MARKET AVERAGES ARE TESTING KEY SUPPORT LEVELS -- LONG TERM TREND OF THE MARKET STILL LOOKS TOPPY
PULLBACK IN OIL MAY BE HELPING ... Everywhere we look we see essentially the same chart picture. The major stock indexes are struggling to hold at the first key support levels drawn under their August lows. Chart-watchers know that's a very important test. Even before the recent hurricanes (and the latest spike in energy prices), I was writing about what I believed to be the final stages in the cyclical bull market that started in the spring of 2003. I showed the loss of upside momentum in weekly and monthly charts. I stressed, however, that no long-term sell signal had been given. That's still the case. But the market is sitting at a crucial point.
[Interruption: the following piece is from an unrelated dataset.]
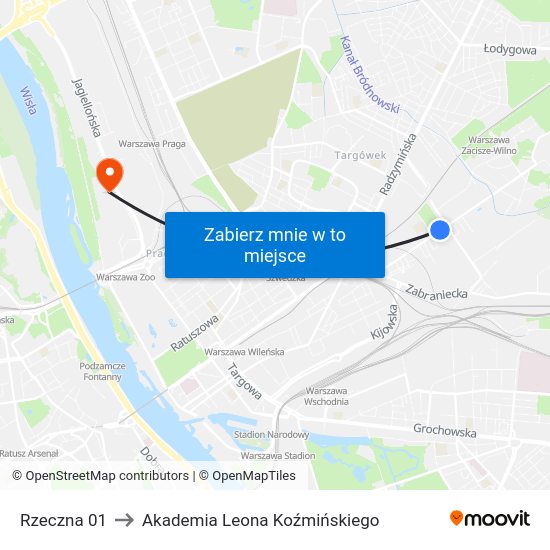 Rzeczna 01 to Akademia Leona Koźmińskiego map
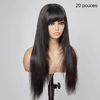 3x1 Dentelle Yaki Straight Perruque Sans Colle Avec Frange Cheveux Humains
As long as the August lows hold, no serious damage will have been done. A decisive close below the August lows, however, would turn short-trends lower and threaten 200-day averages. It would probably be enough to turn the weekly charts lower as well. Earlier in the day, I wrote that the energy patch looked overextended and could be starting a downside correction. I also wrote that crude oil could be forming a short-term top. A lot will depend on the amount of damage done by Hurricane Rita over the weekend. We'll know a lot more about that on Monday. If energy prices do drop next week as I suspect, that could give a short-term boost to the stock market. But I doubt that it will be enough to keep the cyclical bull market going much longer. Chart 4 shows why.

Chart 1

Chart 2

Chart 3
WEEKLY TREND STILL LOOKS WEAK ... The weekly MACD lines for the S&P 500 show why I remain very concerned about the market's long-term trend. First of all, notice that the pattern of lower peaks in the MACD lines since the start of 2004 as prices have moved into new recovery highs (see falling trendline). That's a big warning sign. To the far right, you can see that the MACD lines are very close to turning negative (see arrow). That would be the second downturn this year and the third since the start of 2004 (see circles). Second or third signals on the MACD lines are usually the most serious. Seasonal considerations aren't favorable either as we enter the dangerous month of October. There's another lesson to be learned from studying the weekly price charts. And that is that the market trend has been deteriorating all year. It didn't start with Hurricane Katrina and the latest spike in oil prices although they may have made the situation worse. While the media keeps the TV screen on the latest hurricane path, I'd suggest you keep your eyes on the price charts. They'll prove more reliable than hurricane watching.